Short text fragments from websites:
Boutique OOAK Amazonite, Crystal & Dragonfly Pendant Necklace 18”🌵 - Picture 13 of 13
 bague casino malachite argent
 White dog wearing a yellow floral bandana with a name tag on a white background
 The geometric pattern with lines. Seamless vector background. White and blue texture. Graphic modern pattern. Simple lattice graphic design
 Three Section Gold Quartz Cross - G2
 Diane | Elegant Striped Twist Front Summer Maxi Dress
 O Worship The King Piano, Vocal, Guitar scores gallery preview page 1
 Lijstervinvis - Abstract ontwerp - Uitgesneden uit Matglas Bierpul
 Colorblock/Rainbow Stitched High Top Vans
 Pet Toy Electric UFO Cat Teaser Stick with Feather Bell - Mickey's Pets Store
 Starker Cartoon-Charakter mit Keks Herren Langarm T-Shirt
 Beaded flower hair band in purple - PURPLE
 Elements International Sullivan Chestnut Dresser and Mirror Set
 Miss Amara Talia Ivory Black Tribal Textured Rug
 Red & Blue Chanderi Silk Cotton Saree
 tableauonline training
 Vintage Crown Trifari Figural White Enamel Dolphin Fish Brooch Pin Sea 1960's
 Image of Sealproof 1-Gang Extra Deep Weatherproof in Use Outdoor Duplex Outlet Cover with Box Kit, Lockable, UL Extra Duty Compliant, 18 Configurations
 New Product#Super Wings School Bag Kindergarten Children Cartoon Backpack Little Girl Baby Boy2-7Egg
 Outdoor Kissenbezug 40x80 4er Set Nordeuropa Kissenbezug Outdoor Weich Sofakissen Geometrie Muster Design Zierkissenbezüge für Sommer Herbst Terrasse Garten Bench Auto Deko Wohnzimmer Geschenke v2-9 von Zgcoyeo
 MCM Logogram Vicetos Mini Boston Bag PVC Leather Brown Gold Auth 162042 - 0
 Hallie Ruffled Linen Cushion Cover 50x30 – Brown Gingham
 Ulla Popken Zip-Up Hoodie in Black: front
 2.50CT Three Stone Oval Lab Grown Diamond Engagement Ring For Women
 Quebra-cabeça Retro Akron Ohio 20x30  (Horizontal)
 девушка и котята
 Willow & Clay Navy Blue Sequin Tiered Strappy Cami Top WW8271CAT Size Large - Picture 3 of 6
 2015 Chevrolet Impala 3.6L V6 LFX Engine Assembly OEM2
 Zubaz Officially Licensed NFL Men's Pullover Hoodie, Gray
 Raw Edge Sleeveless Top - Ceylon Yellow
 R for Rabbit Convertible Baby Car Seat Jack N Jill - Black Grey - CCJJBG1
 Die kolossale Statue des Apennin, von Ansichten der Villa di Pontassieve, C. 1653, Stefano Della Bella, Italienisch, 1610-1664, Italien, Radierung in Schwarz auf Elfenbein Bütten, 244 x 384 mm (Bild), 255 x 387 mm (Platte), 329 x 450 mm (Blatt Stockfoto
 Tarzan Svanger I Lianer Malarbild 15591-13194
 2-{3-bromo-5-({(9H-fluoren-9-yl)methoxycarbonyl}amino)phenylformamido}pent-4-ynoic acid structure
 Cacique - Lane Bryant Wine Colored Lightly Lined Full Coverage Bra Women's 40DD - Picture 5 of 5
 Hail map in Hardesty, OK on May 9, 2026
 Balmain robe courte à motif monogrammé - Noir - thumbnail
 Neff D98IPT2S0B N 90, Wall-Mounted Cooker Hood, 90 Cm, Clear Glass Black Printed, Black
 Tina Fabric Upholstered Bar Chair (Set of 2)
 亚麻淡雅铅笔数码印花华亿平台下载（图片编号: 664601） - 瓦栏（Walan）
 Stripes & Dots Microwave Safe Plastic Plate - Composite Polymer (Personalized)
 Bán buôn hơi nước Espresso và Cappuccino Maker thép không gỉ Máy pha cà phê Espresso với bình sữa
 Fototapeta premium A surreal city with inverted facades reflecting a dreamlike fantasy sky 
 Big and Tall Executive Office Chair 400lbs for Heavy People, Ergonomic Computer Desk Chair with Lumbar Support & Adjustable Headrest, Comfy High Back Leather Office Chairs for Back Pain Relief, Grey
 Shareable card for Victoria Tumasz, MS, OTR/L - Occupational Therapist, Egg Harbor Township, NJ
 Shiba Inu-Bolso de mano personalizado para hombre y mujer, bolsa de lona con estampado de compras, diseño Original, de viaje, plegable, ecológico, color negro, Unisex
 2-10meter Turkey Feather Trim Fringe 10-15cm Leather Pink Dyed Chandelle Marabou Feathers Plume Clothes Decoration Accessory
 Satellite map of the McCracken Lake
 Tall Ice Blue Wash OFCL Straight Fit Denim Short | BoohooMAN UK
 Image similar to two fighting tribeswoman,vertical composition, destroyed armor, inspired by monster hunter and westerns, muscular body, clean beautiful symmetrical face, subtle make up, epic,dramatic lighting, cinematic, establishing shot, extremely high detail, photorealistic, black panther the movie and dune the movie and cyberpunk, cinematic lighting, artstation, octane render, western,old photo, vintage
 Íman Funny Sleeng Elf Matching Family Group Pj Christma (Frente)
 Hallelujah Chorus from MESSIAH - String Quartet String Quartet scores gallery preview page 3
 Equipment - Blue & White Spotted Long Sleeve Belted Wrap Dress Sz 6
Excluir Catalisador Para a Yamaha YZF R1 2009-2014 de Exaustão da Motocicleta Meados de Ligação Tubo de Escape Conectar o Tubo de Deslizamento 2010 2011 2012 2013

| ACTION ITEM |
Retype only this portion of the data above: the line containing "Hail map in Hardesty, OK on May 9, 2026", the line containing "Bán buôn hơi", and all lines between them, exactly.

| COMPLETED TASK |
 Hail map in Hardesty, OK on May 9, 2026
 Balmain robe courte à motif monogrammé - Noir - thumbnail
 Neff D98IPT2S0B N 90, Wall-Mounted Cooker Hood, 90 Cm, Clear Glass Black Printed, Black
 Tina Fabric Upholstered Bar Chair (Set of 2)
 亚麻淡雅铅笔数码印花华亿平台下载（图片编号: 664601） - 瓦栏（Walan）
 Stripes & Dots Microwave Safe Plastic Plate - Composite Polymer (Personalized)
 Bán buôn hơi nước Espresso và Cappuccino Maker thép không gỉ Máy pha cà phê Espresso với bình sữa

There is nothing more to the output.